**What the task asks**
Every line below from the one with "Fortnite account screenshot" through the one with "Tenaya Lodge Yosemite - Deluxe Queen Bed Tenaya" should be retyped exactly, both ends included; no other lines and no pictures.

**Information supplied**
== Segment start ==
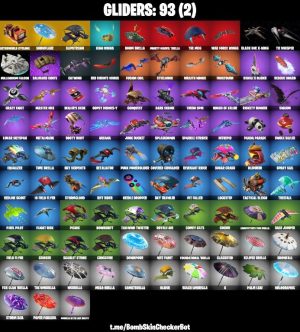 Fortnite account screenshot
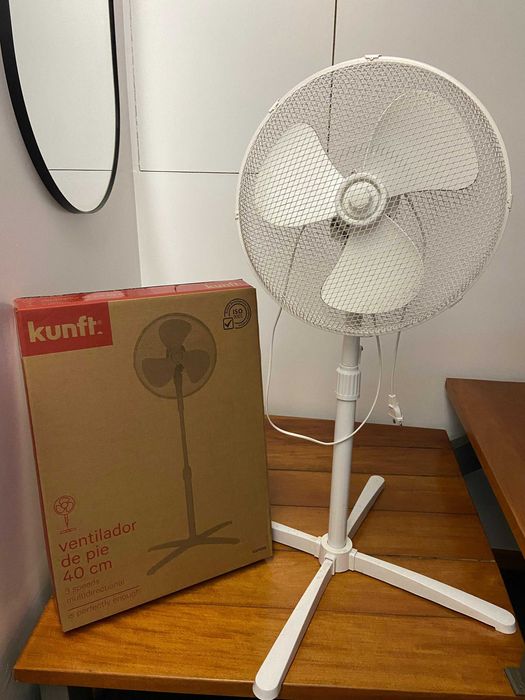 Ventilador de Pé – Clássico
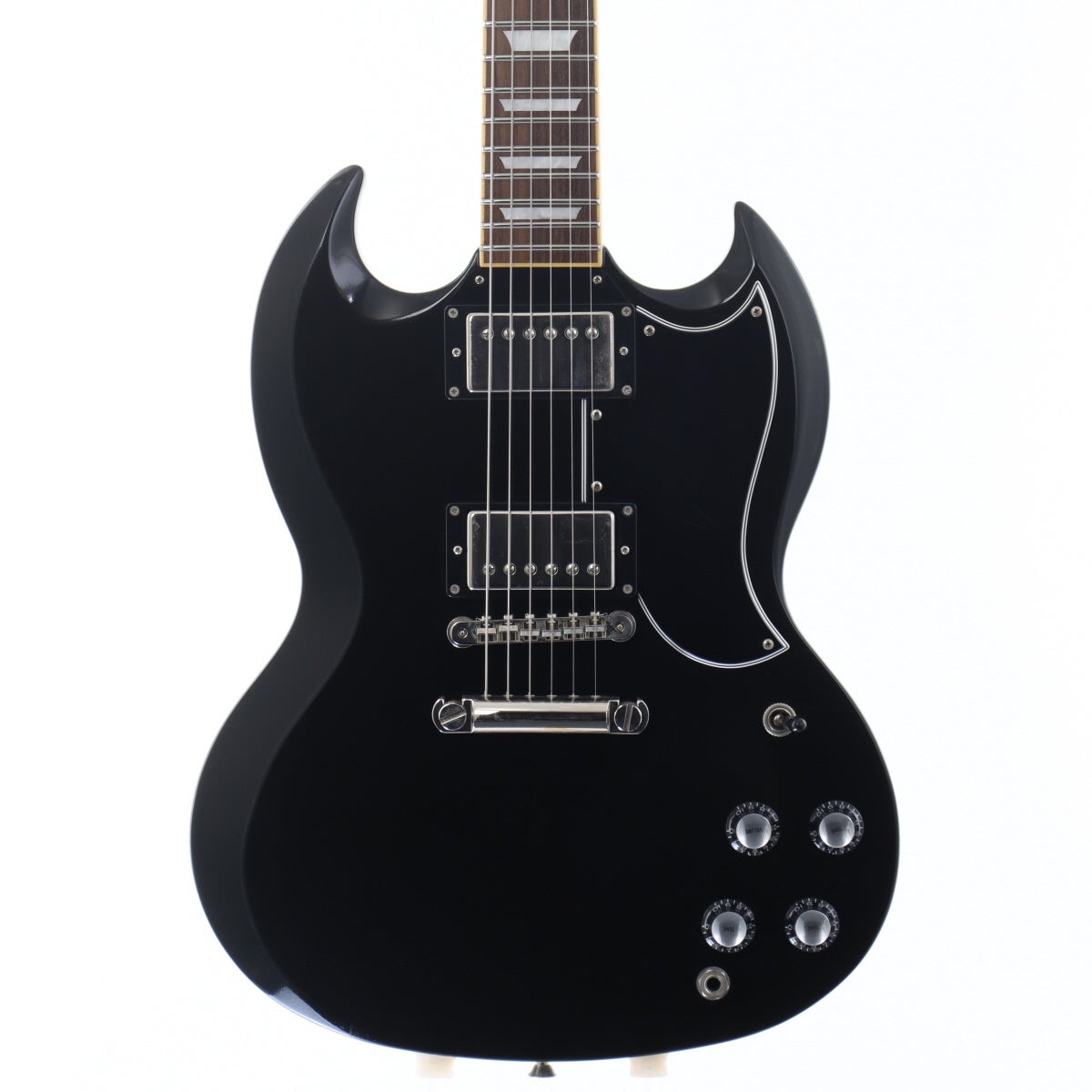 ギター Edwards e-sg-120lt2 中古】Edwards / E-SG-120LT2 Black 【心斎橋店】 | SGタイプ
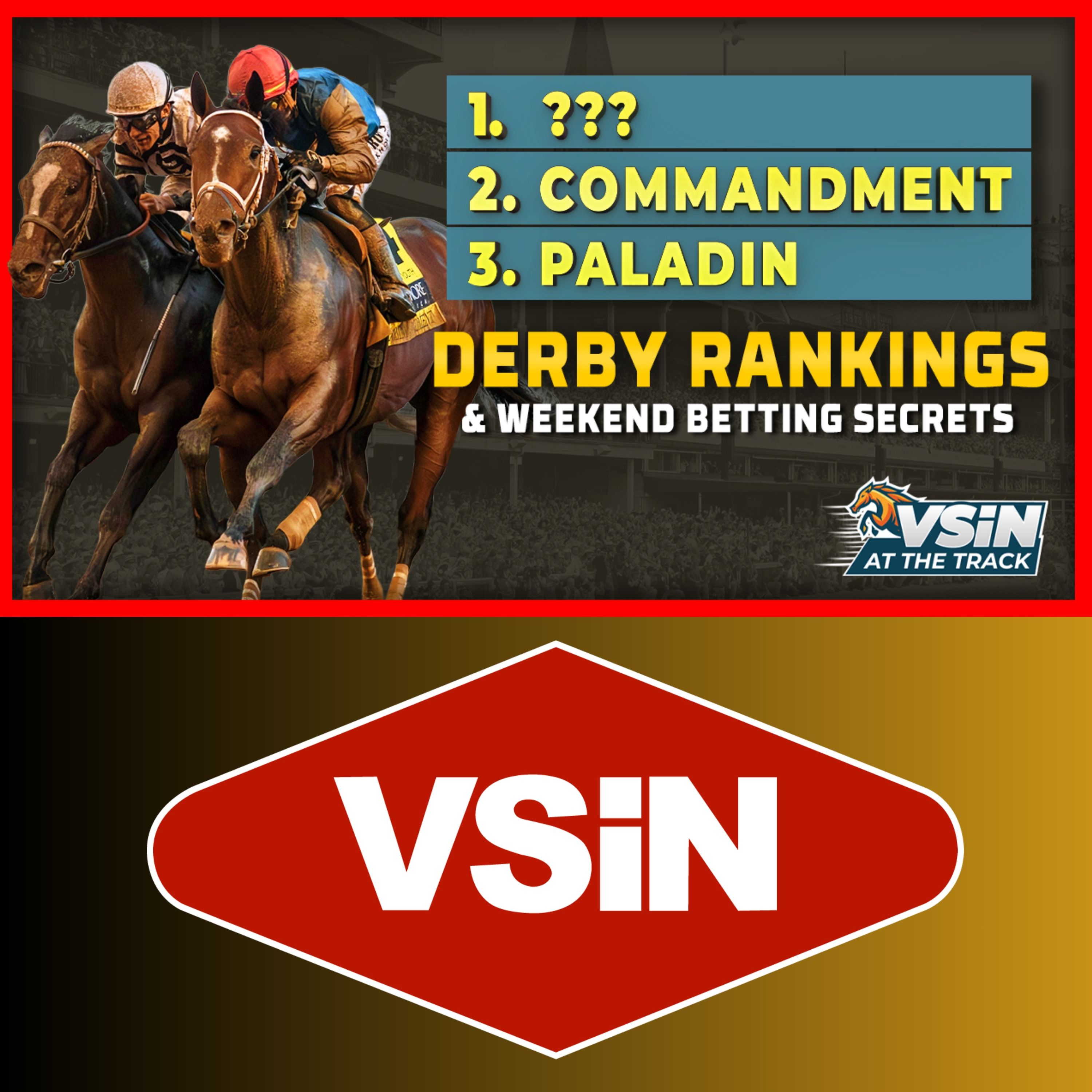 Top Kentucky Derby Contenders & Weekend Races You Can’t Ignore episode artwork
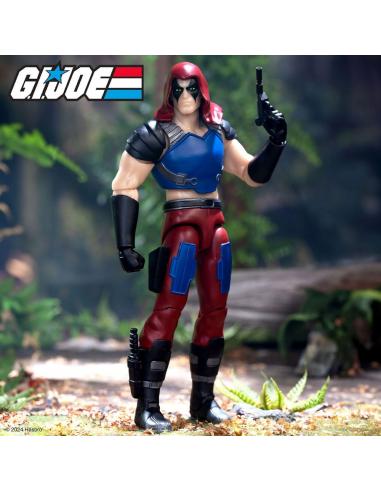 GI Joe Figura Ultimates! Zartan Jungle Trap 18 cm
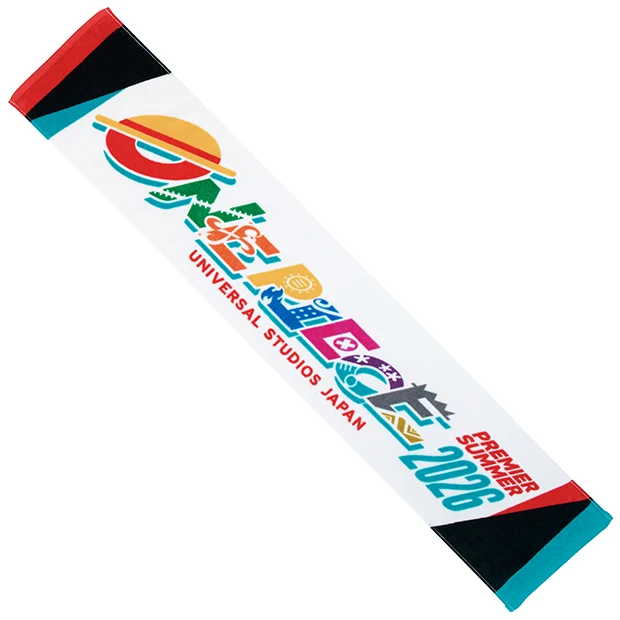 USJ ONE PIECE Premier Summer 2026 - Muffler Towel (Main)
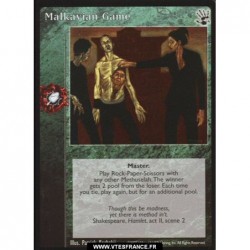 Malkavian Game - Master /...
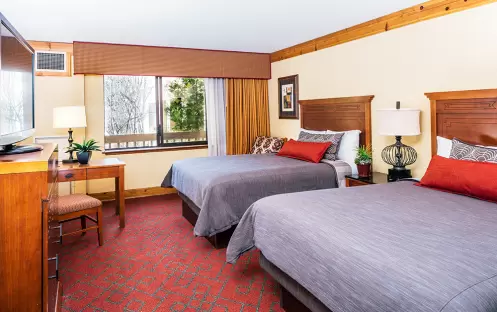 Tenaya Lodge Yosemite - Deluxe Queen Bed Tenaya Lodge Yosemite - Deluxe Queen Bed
== Segment end ==
== Segment start ==
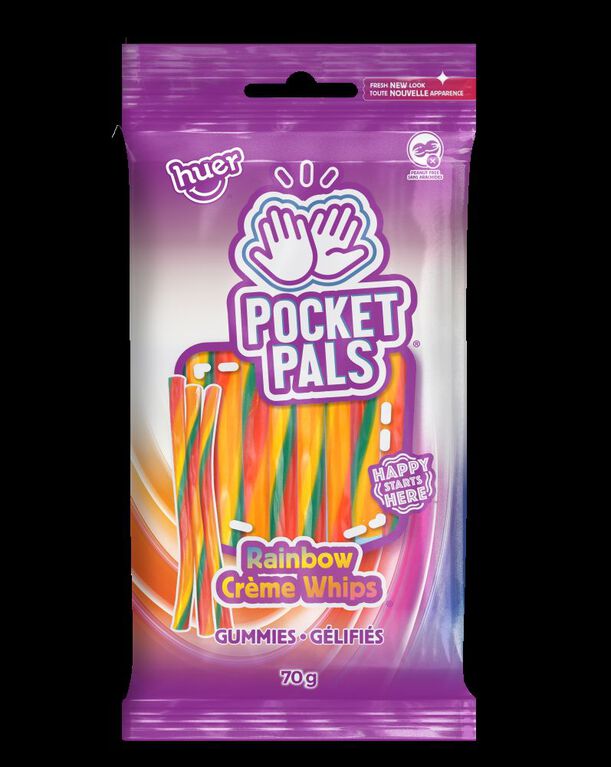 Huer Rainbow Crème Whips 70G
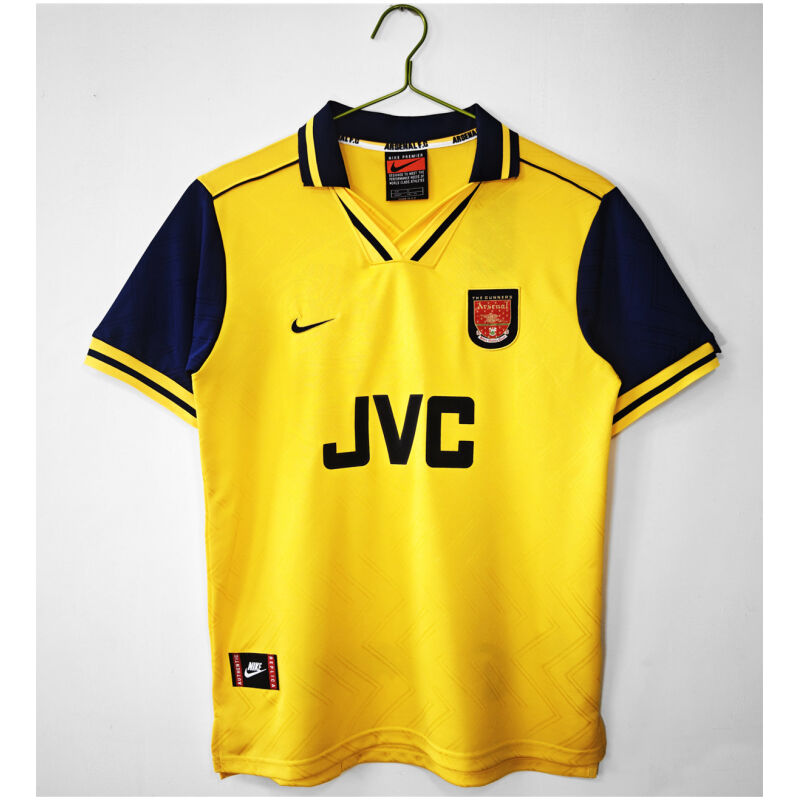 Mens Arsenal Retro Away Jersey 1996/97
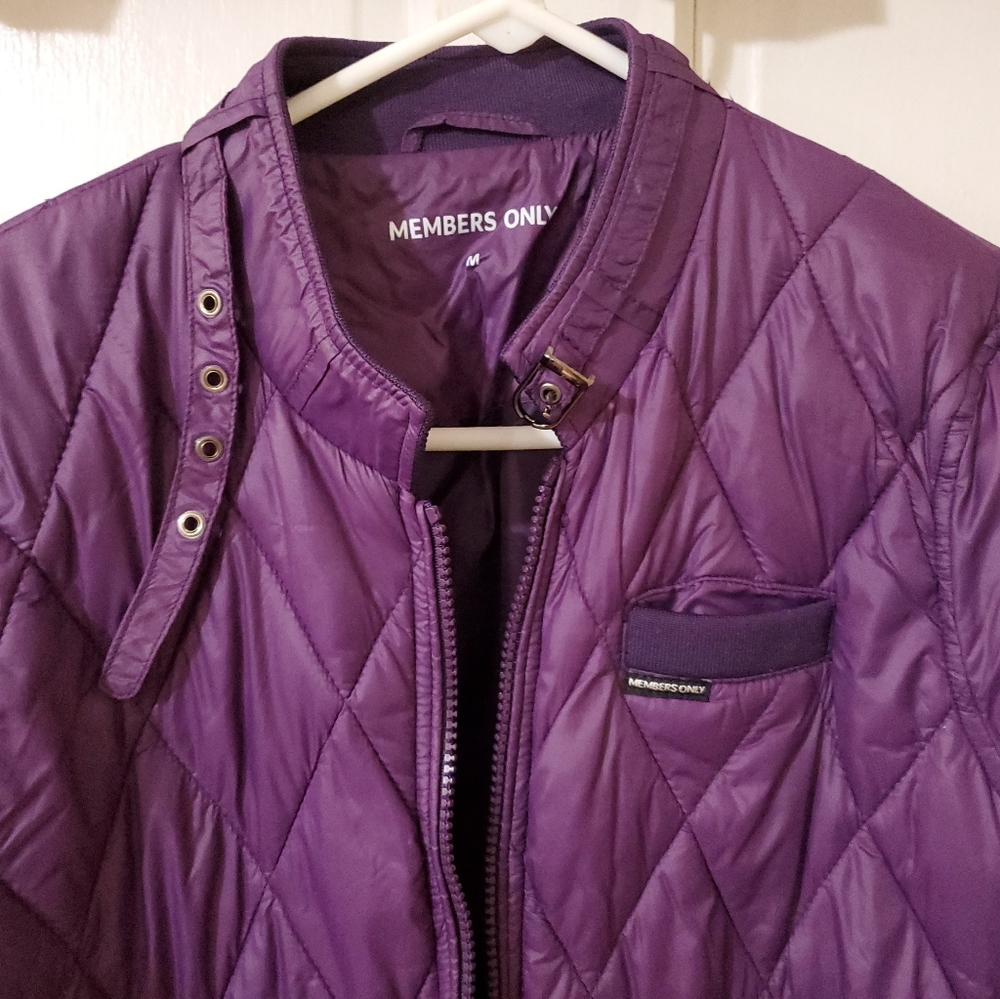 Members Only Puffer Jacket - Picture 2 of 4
== Segment end ==
**Solution to the problem**
 Fortnite account screenshot
 Ventilador de Pé – Clássico
 ギター Edwards e-sg-120lt2 中古】Edwards / E-SG-120LT2 Black 【心斎橋店】 | SGタイプ
 Top Kentucky Derby Contenders & Weekend Races You Can’t Ignore episode artwork
 GI Joe Figura Ultimates! Zartan Jungle Trap 18 cm
 USJ ONE PIECE Premier Summer 2026 - Muffler Towel (Main)
 Malkavian Game - Master /...
 Tenaya Lodge Yosemite - Deluxe Queen Bed Tenaya Lodge Yosemite - Deluxe Queen Bed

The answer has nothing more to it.